L'excitation d'aller chez la famille la plus célèbre d'Earlshid, non, du monde, s'était évaporée.
Elle était remplacée par la certitude : « La maison Walford est un endroit terrifiant. »
Ils décidèrent de ne plus jamais dire « Viens jouer » à la légère.
C'est avec cette résolution qu'Allen et Cresta allèrent chercher Sicily et les autres.
Ainsi s'acheva la visite d'Allen et Cresta chez les Walford. Mais au moment de partir, ils entendirent des mots incroyables.
« Allen-kun, Cresta-chan, revenez jouer, d'accord ? »
« Via s'est beaucoup attachée à vous, alors je vous en prie, revenez. »
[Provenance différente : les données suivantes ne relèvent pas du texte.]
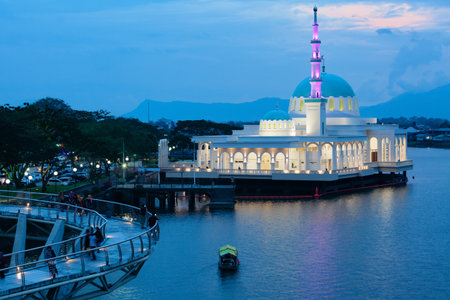 Kuching, Malaysia - March 15, 2019: Night view of illuminated floating mosque and people walking by pedestrian bridge on Sarawak river. Waterfront landmark in Kota Kuching. Borneo travel destinations.のeditorial素材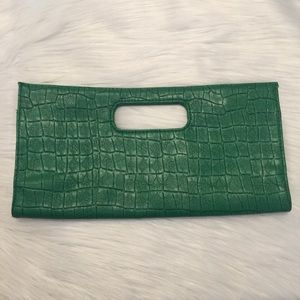 Green faux alligator clutch. Hot pink inside.
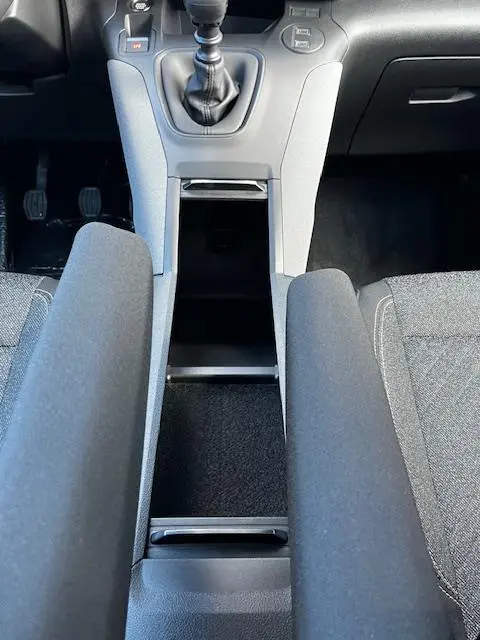 Vue rapprochée de la console centrale grise du Peugeot Rifter 2024 avec levier de vitesse manuel et accoudoirs noirs.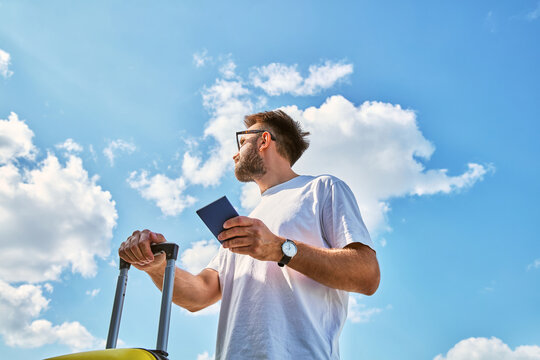 Low angle view of man with suitcase and passport looking at sky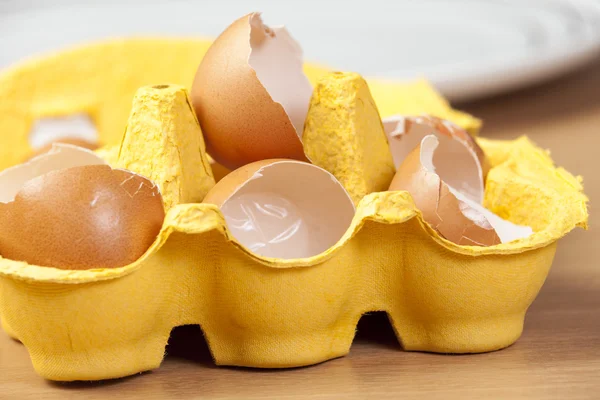 Yellow egg box full of broken egg shells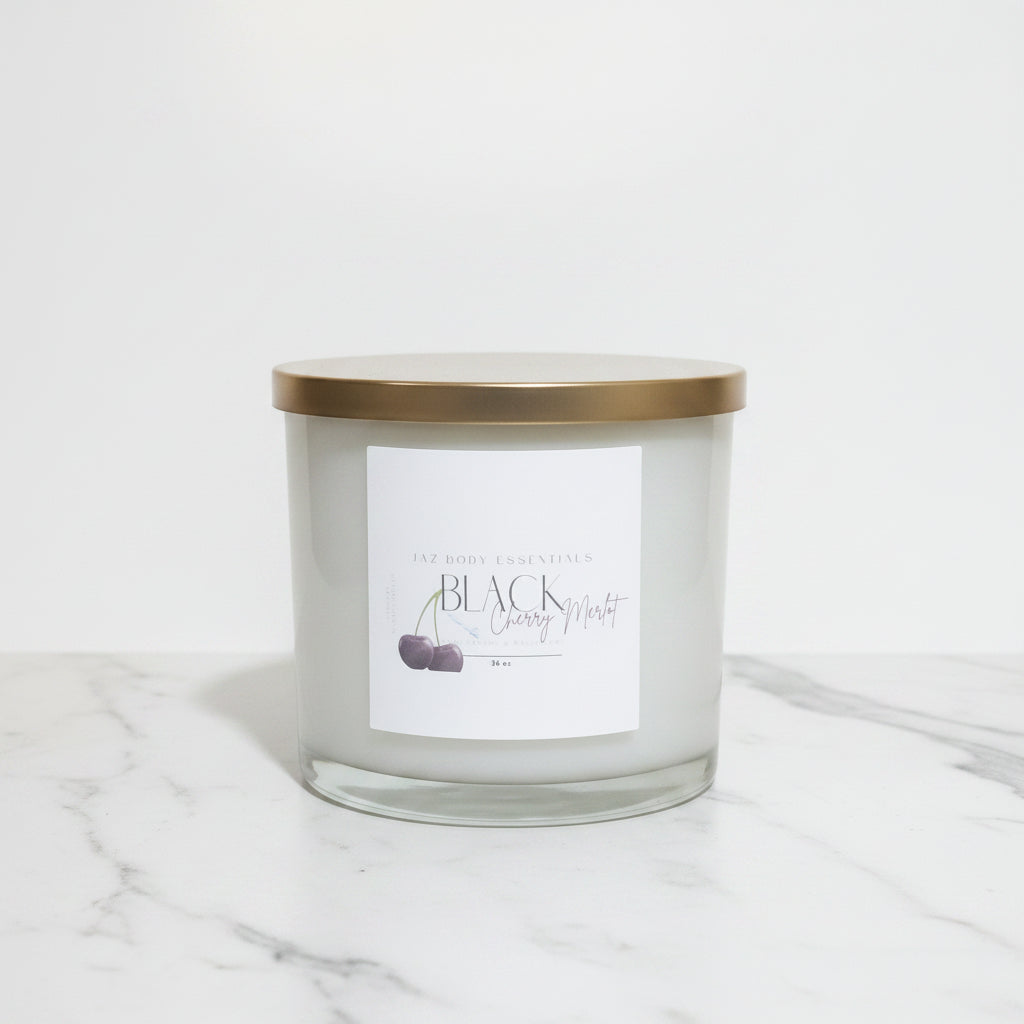 Candle jar with a gold lid on a marble surface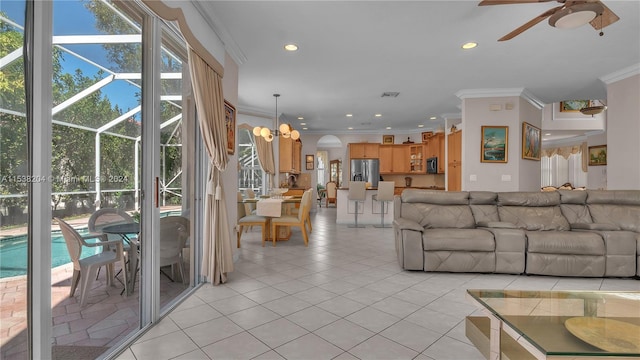 unfurnished living room featuring plenty of natural light, crown molding, light tile floors, and ceiling fan with notable chandelier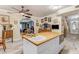 Spacious kitchen with a butcher block island featuring a prep sink and oven at 616 E Carver Rd, Tempe, AZ 85284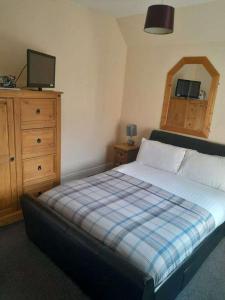 NewcastletonThe Grapes Hotel的一间卧室配有一张床、一个梳妆台和电视。
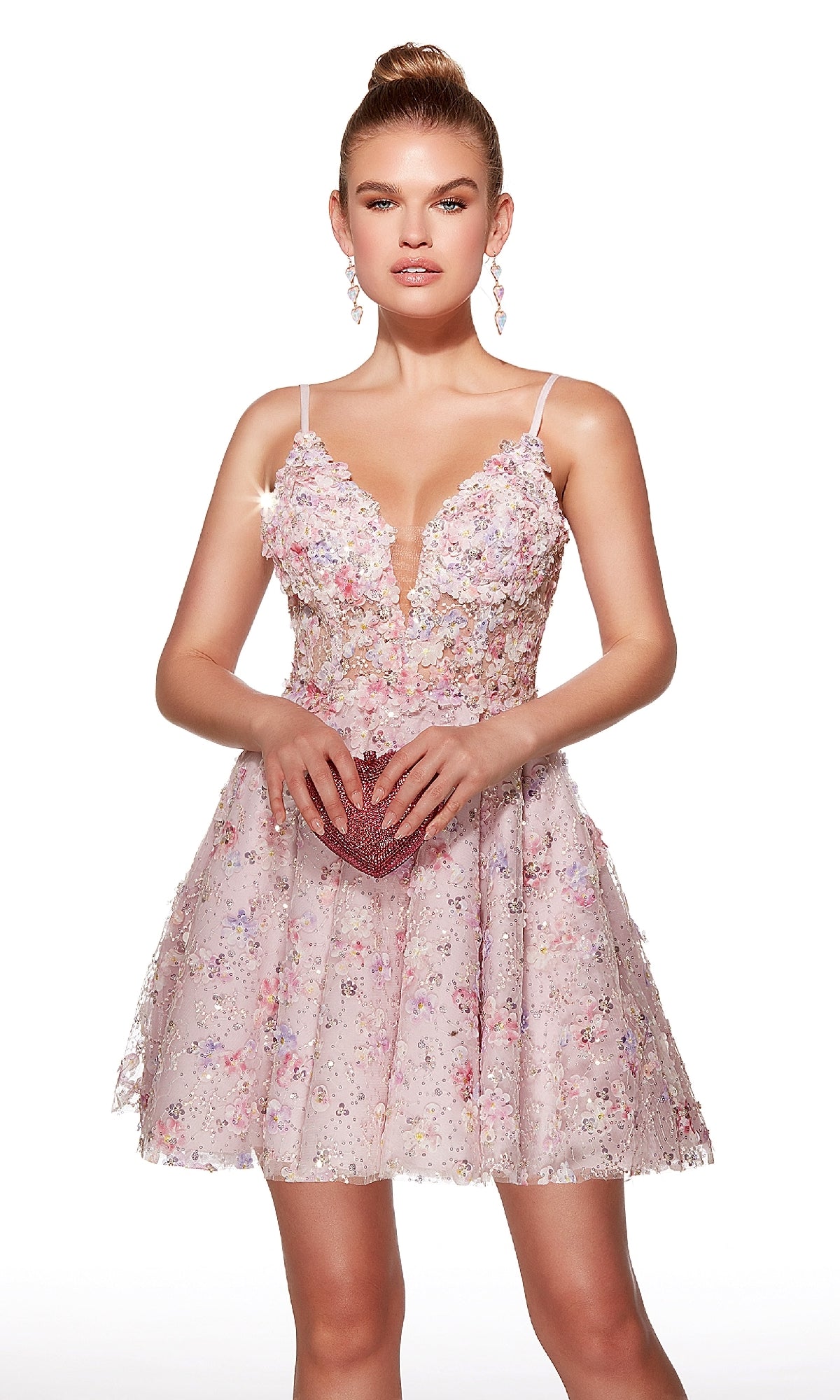 A young woman wears the Alyce 30017 short homecoming dress, a sleeveless light pink style with floral and rhinestone embellishments and a deep V-neckline, holding a small clutch against a plain white background.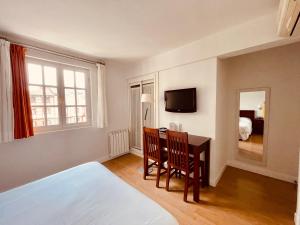 TV a/nebo společenská místnost v ubytování Hotel Palacete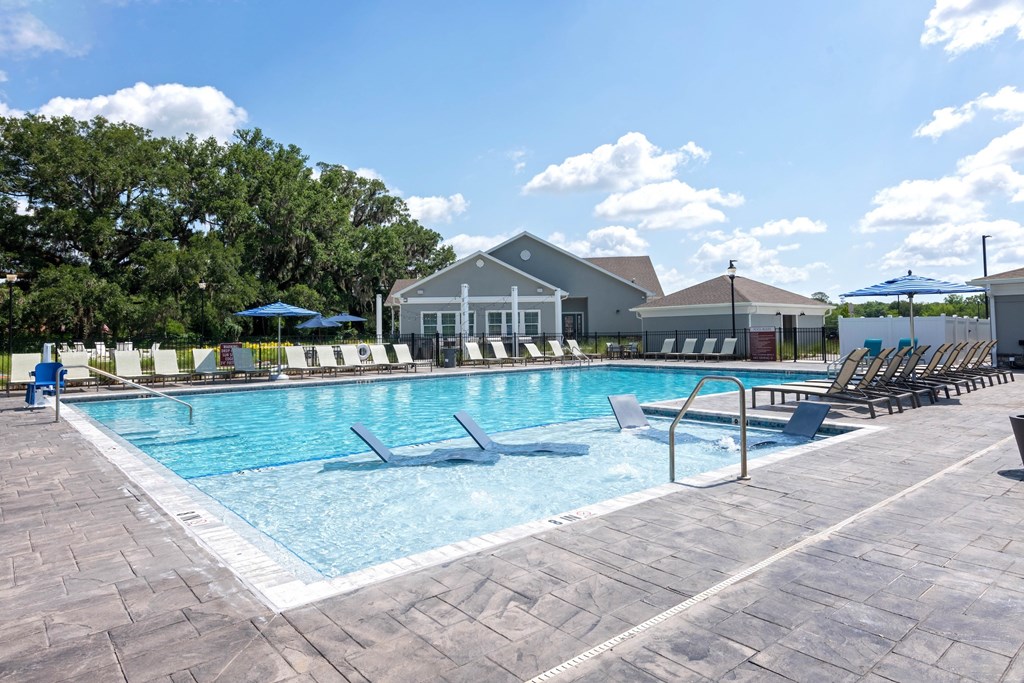 A large swimming pool with a building in the background.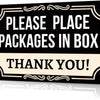 A black rectangular sign with cream text instructing to place packages in a box and thanking the recipient.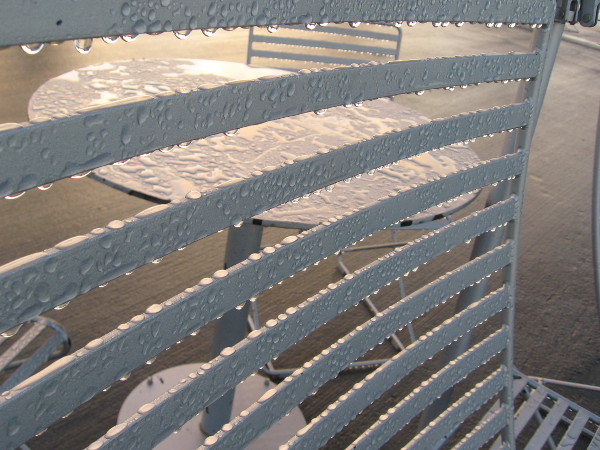 Water droplets cling to the metal seats and tables at the end of the Broadway Pier.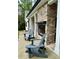 Covered patio featuring a stone fireplace and comfortable chairs overlooking the landscaped yard at 16 Mountain Creek Ne Trl, Fairmount, GA 30139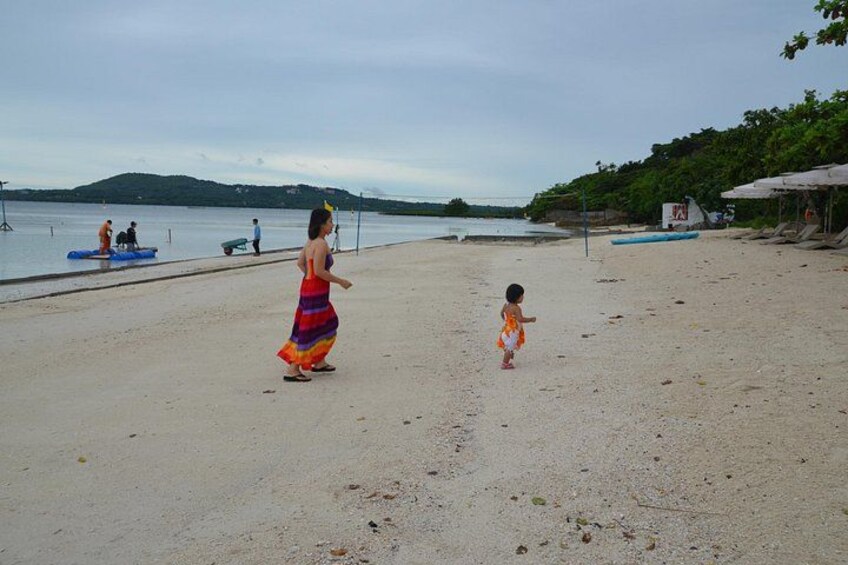 A beach with a woman in a colorful dress and a child walking on the sand, a body of water, and a distant hill. 3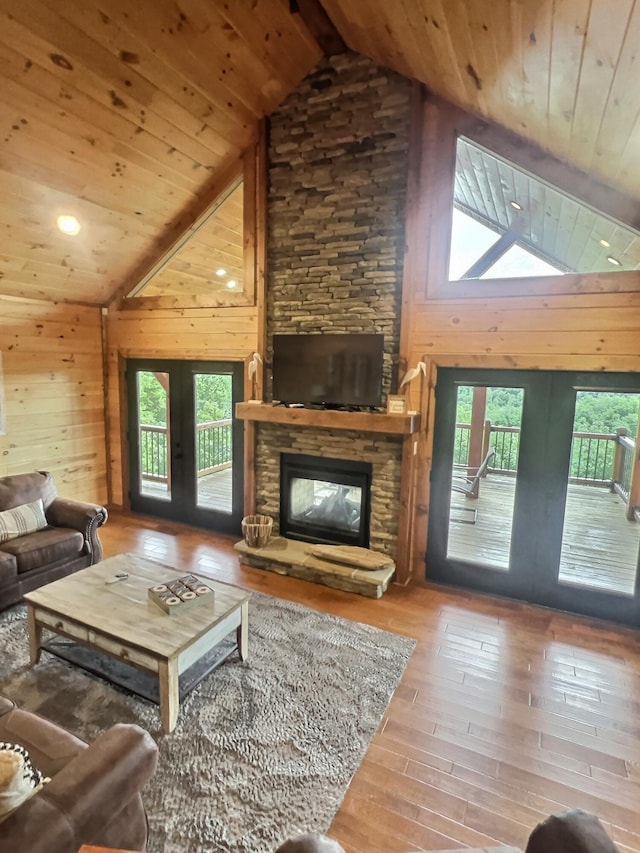 living room with hardwood / wood-style floors, french doors, wood ceiling, a stone fireplace, and wood walls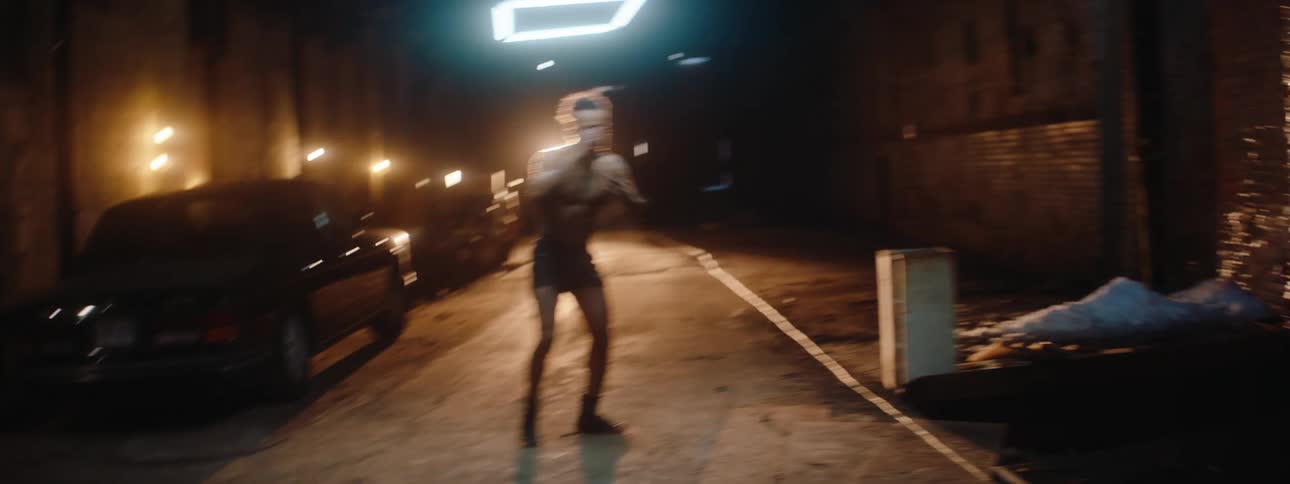 A man pretends to fight by punching and kicking the air in an alleyway at night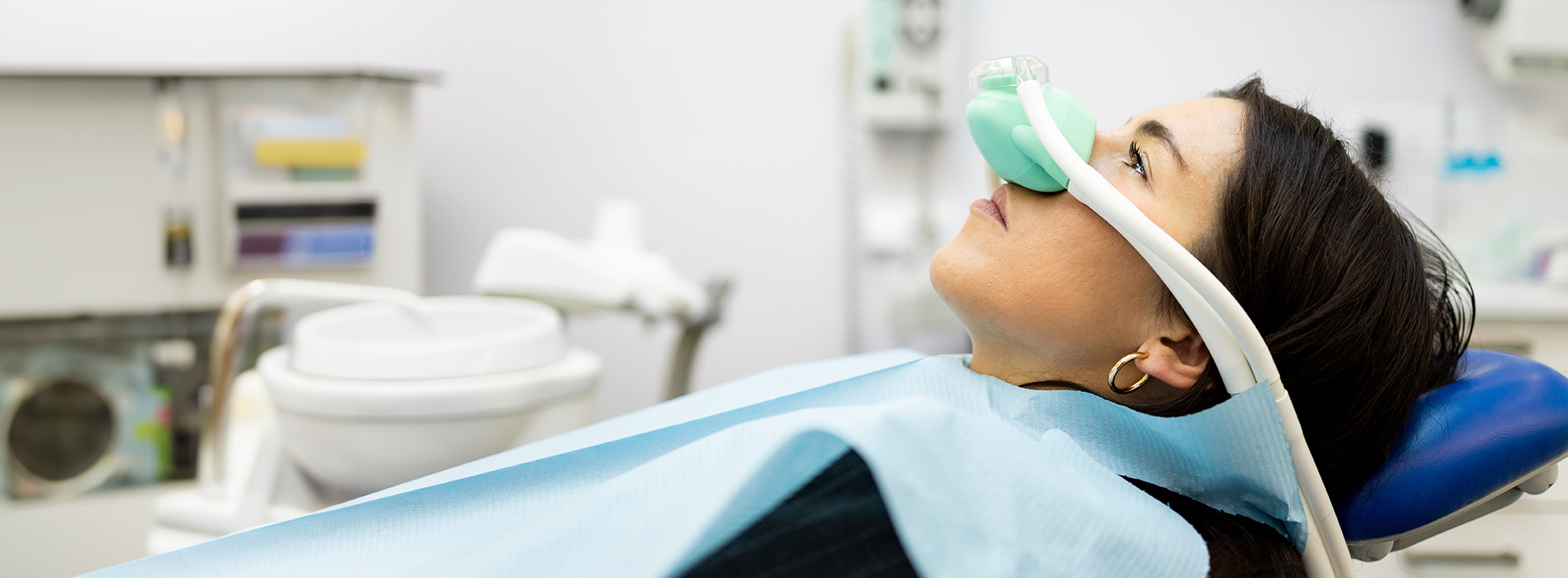 The image shows a person in a dental chair, wearing a face mask and having their teeth cleaned by a dental professional.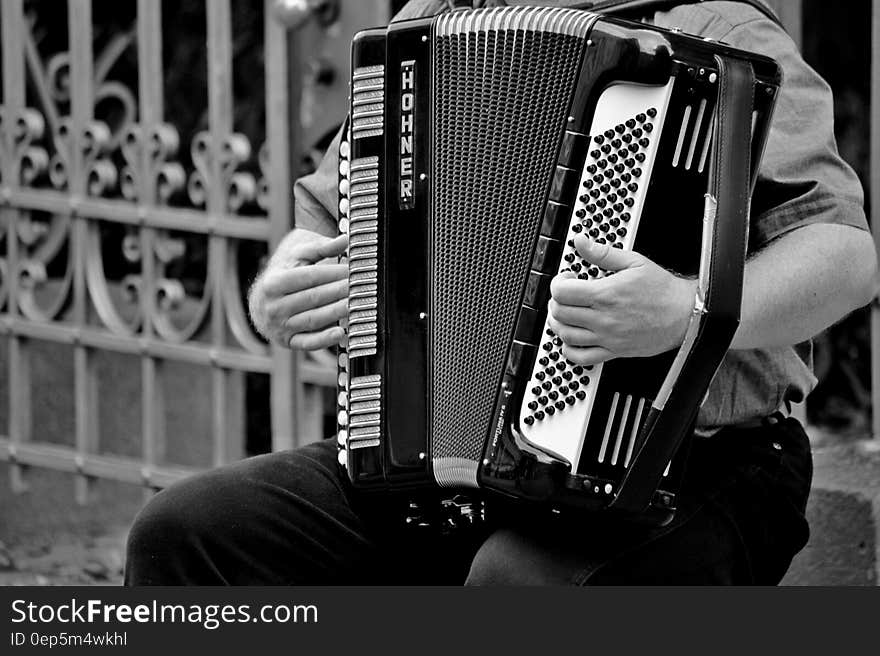 Person Playing a Horner Musical Intrument in Grayscale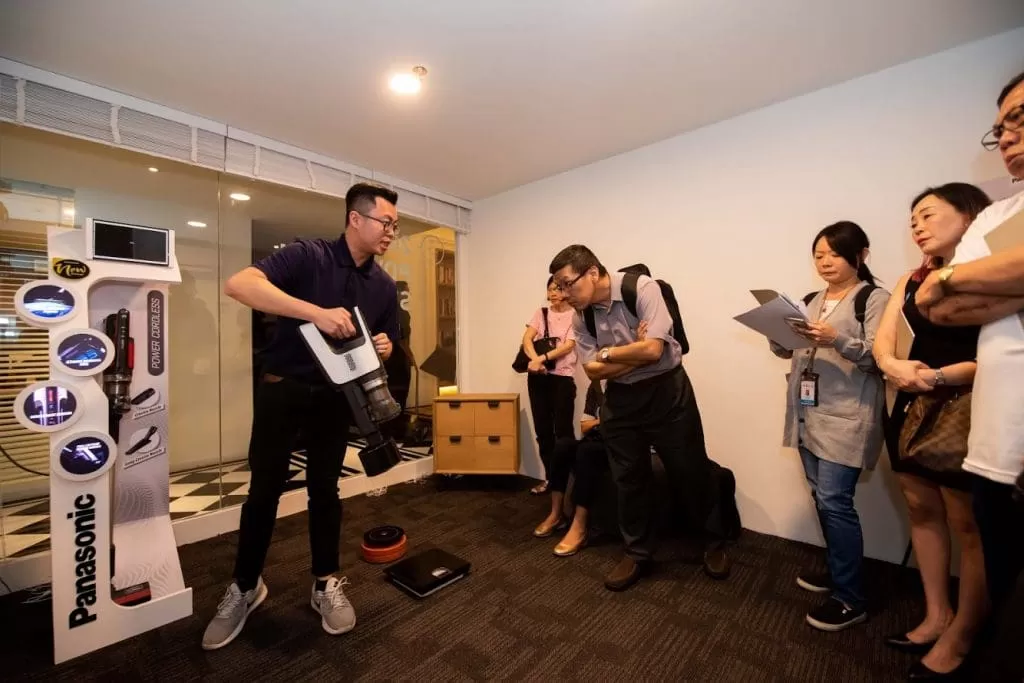 A man demonstrating a cordless vacuum cleaner to a group of people.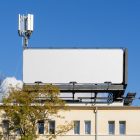 Front view, white city billboard mockup attached to the roof of the building, with the clean blue sky in the background.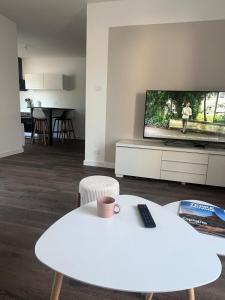 a living room with a white table and a tv at Maison de vacances entre forêt et plage in Saint-Jean-de-Monts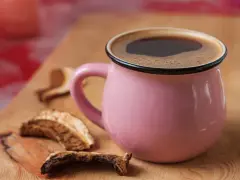 Różowy kubek z aromatyczną kawą grzybową na drewnianej desce, obok suszone grzyby.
La Sainte et la princesse héritière leur demandaient de revenir.
Face à cette requête, les deux nobles d'Earlshid…
« H-, haï ! »
« Certainement. »
… n'eurent d'autre choix que d'acquiescer.
À peine avaient-ils juré de ne plus remettre les pieds chez les Walford que leur serment était annulé.
Il leur faudrait revivre cette angoisse gastrique…
Tandis qu'Allen et Cresta, dans la calèche du retour, étaient broyés par le désespoir, leurs pères, ayant pu converser à loisir avec les héros légendaires, affichaient des mines réjouies.